I have an image on a polar grid. This image should be transformed into a cartesian grid, but the only algorithm I know of is really slow for this. Now I use the cartesian grid, for each point I find the r and theta values, and then I look in two vectors to find the smallest error defined by:
min{(th_vec - theta)^2 + (range - r)^2}
This gives a nested for-loop inside of the outer nested for-loop, so I have a complexity of O(N^4). A 512x512 image uses a whole minute to complete. Of course, a complexity like that can not be used, so I'm wondering if anyone know of any faster algorithms to do this?

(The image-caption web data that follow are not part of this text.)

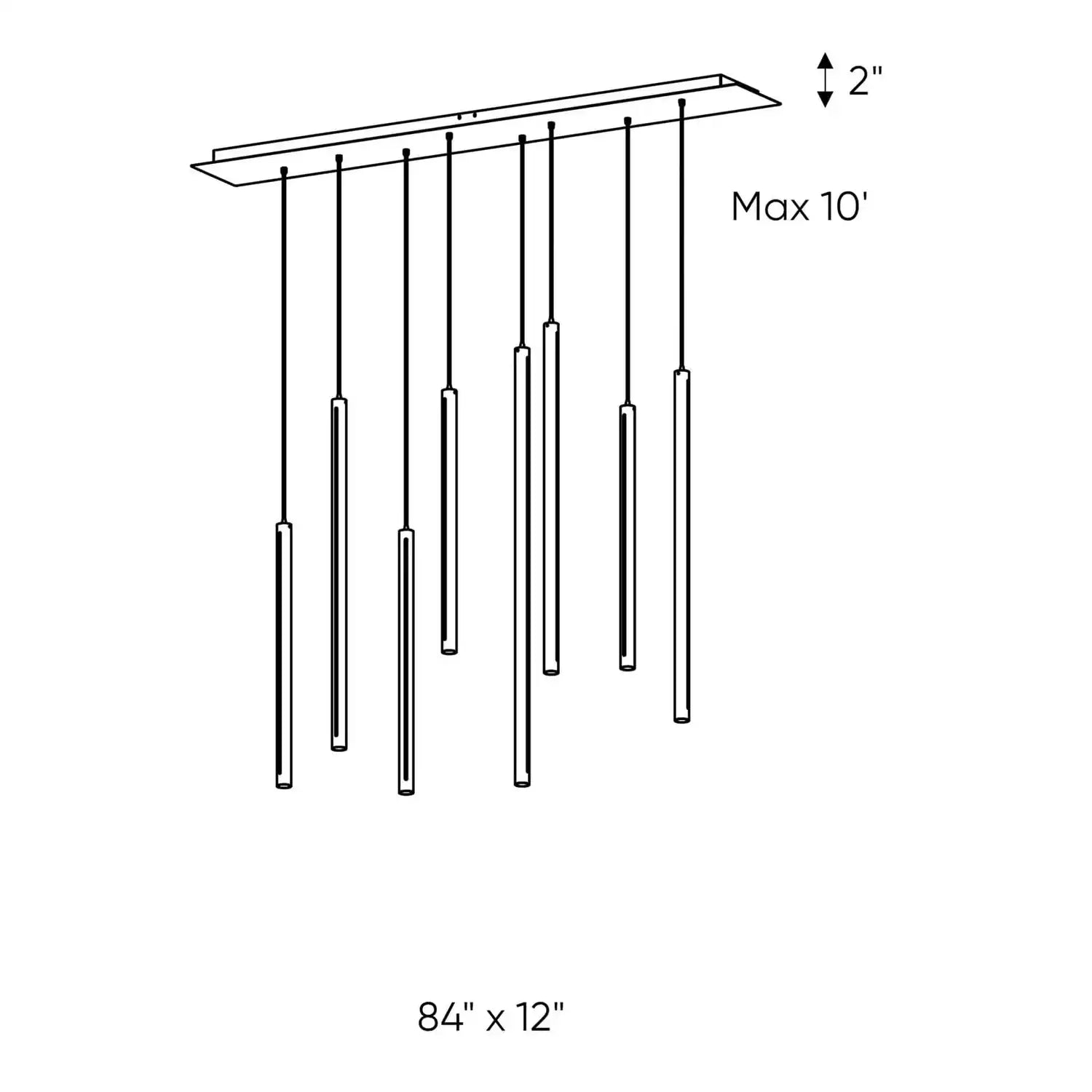 DALS, PDLED PENDANT, PENDANT LIGHT
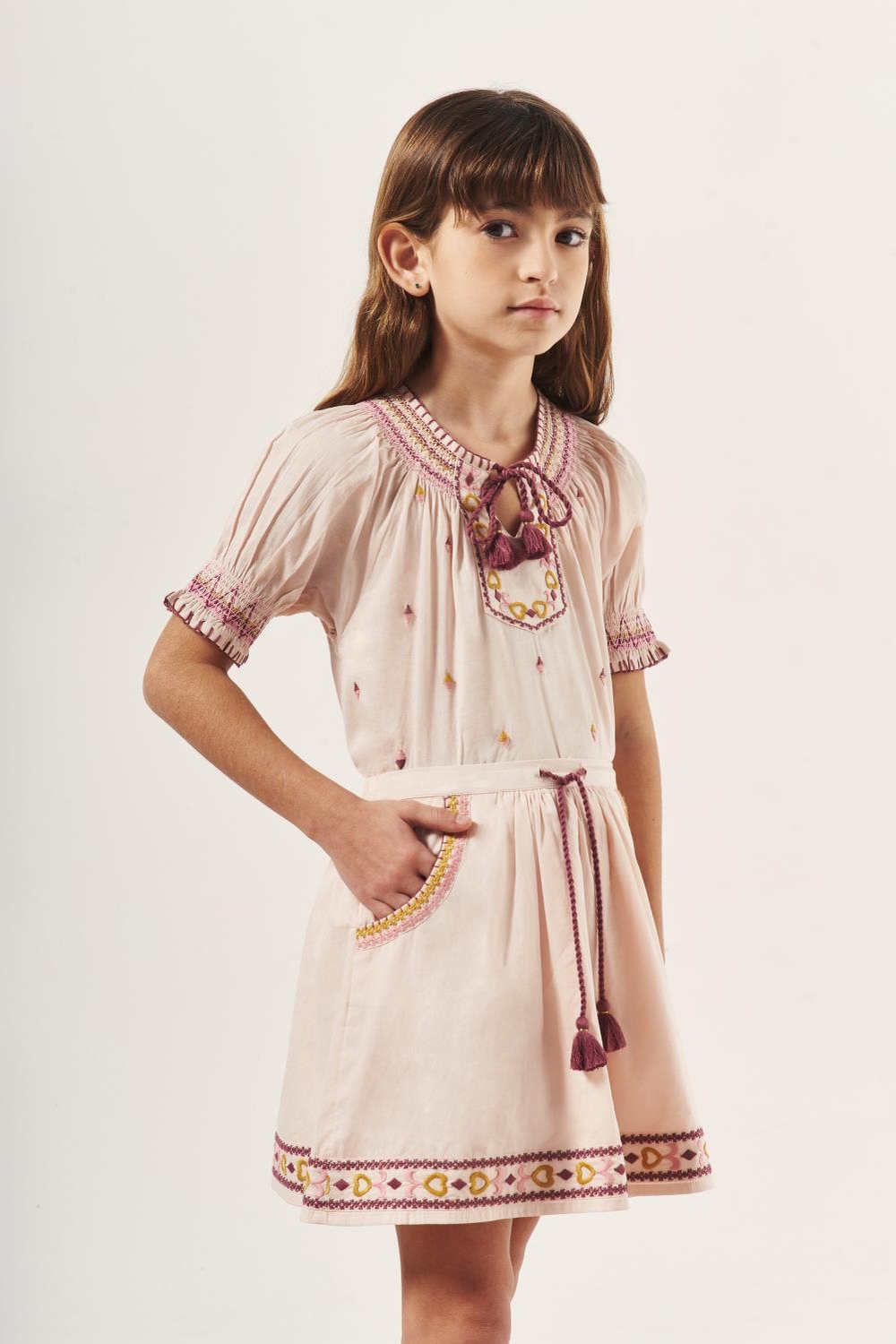 falda paloma girls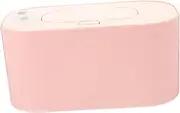 VICASKY Practical Wet Tissue Warmer Heater Large Capacity Ideal for Travel Nappy Wipes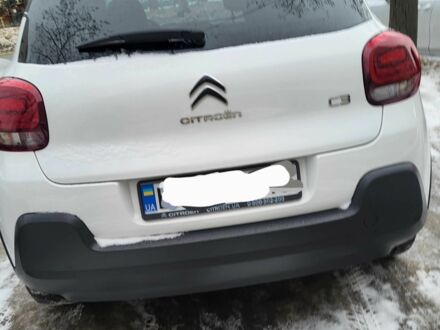 Білий Сітроен С3, об'ємом двигуна 1.2 л та пробігом 77 тис. км за 10000 $, фото 1 на Automoto.ua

I have the image, and the two vectors. The X-axis of the image is the angle, while the Y-axis of the image is the length from the center. The angle is always from 0-2pi, and the range goes from 0 to r_max.
Thank you in advance.
EDIT: The range goes from 0 to r_max, not -r_max to r_max as it stood before. I see that there have been some missunderstandings. I have used the normal, inverse, conversion with;
r=sqrt(x^2 + y^2);
theta=atan2(y,x);
The problem is that I have to first convert the x and y values to x' and y' values, since the grid is from -r_max to r_max in the resulting image, but in pixels in the data. So I have a 512x512 image, but r_max can be something like 3.512. So I have to convert each pixel value into the grid value, then find the r and theta values. When I have found the r and theta values I have to run trough two vectors, range and th_vec, to find the pixel in the original image that matches:
min{(range - r)^2 + (th_vec - theta)^2}
This gives me a complexity of O(n^4), since the th_vec and range vectors are the same size as the image. So if I have a square matrix of 512x512 elements, I have to run trough 68 719 476 736 elements, which is way slow. So I'm wondering if there is a faster algorithm? I can't change the input data, so as far as I know, this is the only way to do it if you don't start with triangulation and stuff, but this is to expensive in times of memory.
How about
x=r*cos(angle)
y=r*sin(angle)
This is the standard way of converting from polar to Cartesian, and unless you're going to use some kind of table lookup, there's not really a faster option.
Edit: wrang wrang has a good point. If you're trying to transform an image in polar coordinates I(angle, r)
to an image in Cartesian coordinates I_new(x, y)
, you are definitely better off using the inverse transformation, as follows:
for x=1,...,width
for y=1,...,height
angle=atan2(y, x)
r=sqrt(x^2+y^2)
I_new(x, y)=I(angle, r)
end
end
As a rule, angle
and r
will not be integer, so you have to do some kind of interpolation in the image I
. The easiest way to do this is simply to round angle
and r
; this will give you nearest-neighbour interpolation. If you need better quality, try more sophisticated types of interpolation such as bilinear or bicubic interpolation.